[Caption-style text data]
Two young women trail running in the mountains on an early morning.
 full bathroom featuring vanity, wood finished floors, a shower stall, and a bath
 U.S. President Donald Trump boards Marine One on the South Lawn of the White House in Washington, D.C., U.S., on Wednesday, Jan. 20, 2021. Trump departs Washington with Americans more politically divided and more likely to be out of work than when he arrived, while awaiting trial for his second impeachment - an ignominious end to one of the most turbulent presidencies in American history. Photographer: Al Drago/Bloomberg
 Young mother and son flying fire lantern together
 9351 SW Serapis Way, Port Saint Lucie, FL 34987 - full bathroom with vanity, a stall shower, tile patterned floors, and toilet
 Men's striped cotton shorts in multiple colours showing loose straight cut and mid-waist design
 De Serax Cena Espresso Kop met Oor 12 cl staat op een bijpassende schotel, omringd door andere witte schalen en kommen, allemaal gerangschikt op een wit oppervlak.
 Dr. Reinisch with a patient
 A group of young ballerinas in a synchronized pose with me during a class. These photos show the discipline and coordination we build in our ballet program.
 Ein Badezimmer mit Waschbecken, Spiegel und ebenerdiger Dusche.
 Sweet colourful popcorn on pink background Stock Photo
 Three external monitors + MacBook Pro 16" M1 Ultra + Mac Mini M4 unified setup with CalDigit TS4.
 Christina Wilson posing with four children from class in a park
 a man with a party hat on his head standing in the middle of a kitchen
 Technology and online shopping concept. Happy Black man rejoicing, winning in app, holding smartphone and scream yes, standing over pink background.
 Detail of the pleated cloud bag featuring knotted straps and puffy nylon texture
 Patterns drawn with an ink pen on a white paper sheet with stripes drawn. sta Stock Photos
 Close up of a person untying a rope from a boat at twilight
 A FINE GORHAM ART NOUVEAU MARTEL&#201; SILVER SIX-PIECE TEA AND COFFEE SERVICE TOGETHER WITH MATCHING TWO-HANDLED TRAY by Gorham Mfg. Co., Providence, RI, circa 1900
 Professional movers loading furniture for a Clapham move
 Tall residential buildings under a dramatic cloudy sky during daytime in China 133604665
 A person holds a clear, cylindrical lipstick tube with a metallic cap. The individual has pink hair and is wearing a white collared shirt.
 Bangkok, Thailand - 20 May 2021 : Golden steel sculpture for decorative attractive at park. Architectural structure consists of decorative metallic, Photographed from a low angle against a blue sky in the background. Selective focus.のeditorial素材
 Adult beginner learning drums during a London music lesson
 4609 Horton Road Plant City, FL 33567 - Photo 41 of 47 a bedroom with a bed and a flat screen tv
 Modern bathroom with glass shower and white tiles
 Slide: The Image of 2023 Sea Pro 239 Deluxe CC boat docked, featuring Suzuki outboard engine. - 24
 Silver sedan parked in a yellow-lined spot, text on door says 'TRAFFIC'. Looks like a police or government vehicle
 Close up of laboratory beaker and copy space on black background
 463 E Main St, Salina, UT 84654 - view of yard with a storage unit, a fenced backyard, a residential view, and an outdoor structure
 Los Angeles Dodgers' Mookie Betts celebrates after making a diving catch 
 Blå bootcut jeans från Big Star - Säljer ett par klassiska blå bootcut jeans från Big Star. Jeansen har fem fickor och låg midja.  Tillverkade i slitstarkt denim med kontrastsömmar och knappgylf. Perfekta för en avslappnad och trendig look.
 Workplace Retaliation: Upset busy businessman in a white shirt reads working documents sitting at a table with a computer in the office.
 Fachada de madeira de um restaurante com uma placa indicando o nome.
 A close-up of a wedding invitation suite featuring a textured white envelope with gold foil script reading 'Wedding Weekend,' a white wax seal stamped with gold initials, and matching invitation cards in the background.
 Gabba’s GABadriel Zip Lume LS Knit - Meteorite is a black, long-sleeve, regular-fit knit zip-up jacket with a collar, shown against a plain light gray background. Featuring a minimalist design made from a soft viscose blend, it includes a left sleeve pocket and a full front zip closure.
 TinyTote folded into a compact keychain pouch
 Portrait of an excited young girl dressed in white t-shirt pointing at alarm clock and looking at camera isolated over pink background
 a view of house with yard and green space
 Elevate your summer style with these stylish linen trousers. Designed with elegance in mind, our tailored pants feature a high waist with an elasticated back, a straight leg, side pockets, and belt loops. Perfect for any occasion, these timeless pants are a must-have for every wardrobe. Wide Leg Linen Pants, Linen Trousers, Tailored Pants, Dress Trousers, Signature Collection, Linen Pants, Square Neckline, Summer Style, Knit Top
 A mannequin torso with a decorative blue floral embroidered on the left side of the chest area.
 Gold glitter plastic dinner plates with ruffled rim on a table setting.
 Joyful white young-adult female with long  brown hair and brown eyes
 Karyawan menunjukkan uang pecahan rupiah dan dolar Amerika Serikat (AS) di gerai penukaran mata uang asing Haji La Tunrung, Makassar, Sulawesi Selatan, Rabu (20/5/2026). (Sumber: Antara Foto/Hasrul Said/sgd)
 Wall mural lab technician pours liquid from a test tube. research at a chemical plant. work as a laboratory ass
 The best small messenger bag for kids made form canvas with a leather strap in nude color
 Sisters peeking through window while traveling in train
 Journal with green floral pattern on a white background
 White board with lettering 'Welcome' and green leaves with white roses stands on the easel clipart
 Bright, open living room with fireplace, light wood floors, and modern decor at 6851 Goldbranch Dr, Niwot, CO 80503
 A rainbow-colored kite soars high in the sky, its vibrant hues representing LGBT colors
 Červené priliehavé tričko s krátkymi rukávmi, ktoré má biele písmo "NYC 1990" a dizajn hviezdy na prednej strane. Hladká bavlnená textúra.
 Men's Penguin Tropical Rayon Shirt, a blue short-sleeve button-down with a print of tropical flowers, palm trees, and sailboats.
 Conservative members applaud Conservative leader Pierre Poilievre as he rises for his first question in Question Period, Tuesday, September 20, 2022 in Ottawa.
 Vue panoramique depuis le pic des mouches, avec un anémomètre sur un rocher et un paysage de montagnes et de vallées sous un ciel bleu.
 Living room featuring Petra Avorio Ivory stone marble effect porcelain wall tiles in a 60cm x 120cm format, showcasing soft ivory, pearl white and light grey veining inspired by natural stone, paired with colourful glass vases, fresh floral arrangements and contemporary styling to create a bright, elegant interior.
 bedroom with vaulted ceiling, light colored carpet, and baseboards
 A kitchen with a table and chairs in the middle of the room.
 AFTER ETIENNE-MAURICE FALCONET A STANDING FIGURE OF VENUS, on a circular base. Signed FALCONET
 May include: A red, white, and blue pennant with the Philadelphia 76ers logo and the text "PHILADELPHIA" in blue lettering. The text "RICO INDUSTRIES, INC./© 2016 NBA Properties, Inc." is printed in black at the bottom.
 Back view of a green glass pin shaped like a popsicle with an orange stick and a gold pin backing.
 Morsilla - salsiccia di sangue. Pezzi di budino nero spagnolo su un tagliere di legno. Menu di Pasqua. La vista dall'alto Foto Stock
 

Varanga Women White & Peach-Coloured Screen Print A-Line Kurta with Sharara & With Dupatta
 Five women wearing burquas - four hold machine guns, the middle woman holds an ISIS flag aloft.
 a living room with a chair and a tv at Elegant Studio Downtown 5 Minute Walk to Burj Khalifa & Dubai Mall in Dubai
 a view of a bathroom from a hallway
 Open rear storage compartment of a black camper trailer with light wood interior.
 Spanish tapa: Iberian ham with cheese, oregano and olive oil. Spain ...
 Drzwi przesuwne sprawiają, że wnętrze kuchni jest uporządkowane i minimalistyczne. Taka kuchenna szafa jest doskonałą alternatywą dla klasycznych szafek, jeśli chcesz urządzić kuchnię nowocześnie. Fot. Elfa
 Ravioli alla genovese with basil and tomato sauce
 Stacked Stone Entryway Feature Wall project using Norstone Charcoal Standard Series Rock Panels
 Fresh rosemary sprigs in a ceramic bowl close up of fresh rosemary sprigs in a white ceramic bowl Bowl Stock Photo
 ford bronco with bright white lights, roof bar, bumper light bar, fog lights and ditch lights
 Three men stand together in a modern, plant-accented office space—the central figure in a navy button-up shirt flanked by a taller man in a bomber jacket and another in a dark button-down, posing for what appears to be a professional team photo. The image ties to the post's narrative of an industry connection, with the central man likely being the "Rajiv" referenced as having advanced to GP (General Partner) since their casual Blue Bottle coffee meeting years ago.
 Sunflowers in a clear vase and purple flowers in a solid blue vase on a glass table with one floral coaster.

-- Exercise directions --
Can you repeat, word for word, every line above from the one containing "a man with a" down to the one containing "Fachada de madeira", including both?

-- Solution to this problem --
 a man with a party hat on his head standing in the middle of a kitchen
 Technology and online shopping concept. Happy Black man rejoicing, winning in app, holding smartphone and scream yes, standing over pink background.
 Detail of the pleated cloud bag featuring knotted straps and puffy nylon texture
 Patterns drawn with an ink pen on a white paper sheet with stripes drawn. sta Stock Photos
 Close up of a person untying a rope from a boat at twilight
 A FINE GORHAM ART NOUVEAU MARTEL&#201; SILVER SIX-PIECE TEA AND COFFEE SERVICE TOGETHER WITH MATCHING TWO-HANDLED TRAY by Gorham Mfg. Co., Providence, RI, circa 1900
 Professional movers loading furniture for a Clapham move
 Tall residential buildings under a dramatic cloudy sky during daytime in China 133604665
 A person holds a clear, cylindrical lipstick tube with a metallic cap. The individual has pink hair and is wearing a white collared shirt.
 Bangkok, Thailand - 20 May 2021 : Golden steel sculpture for decorative attractive at park. Architectural structure consists of decorative metallic, Photographed from a low angle against a blue sky in the background. Selective focus.のeditorial素材
 Adult beginner learning drums during a London music lesson
 4609 Horton Road Plant City, FL 33567 - Photo 41 of 47 a bedroom with a bed and a flat screen tv
 Modern bathroom with glass shower and white tiles
 Slide: The Image of 2023 Sea Pro 239 Deluxe CC boat docked, featuring Suzuki outboard engine. - 24
 Silver sedan parked in a yellow-lined spot, text on door says 'TRAFFIC'. Looks like a police or government vehicle
 Close up of laboratory beaker and copy space on black background
 463 E Main St, Salina, UT 84654 - view of yard with a storage unit, a fenced backyard, a residential view, and an outdoor structure
 Los Angeles Dodgers' Mookie Betts celebrates after making a diving catch 
 Blå bootcut jeans från Big Star - Säljer ett par klassiska blå bootcut jeans från Big Star. Jeansen har fem fickor och låg midja.  Tillverkade i slitstarkt denim med kontrastsömmar och knappgylf. Perfekta för en avslappnad och trendig look.
 Workplace Retaliation: Upset busy businessman in a white shirt reads working documents sitting at a table with a computer in the office.
 Fachada de madeira de um restaurante com uma placa indicando o nome.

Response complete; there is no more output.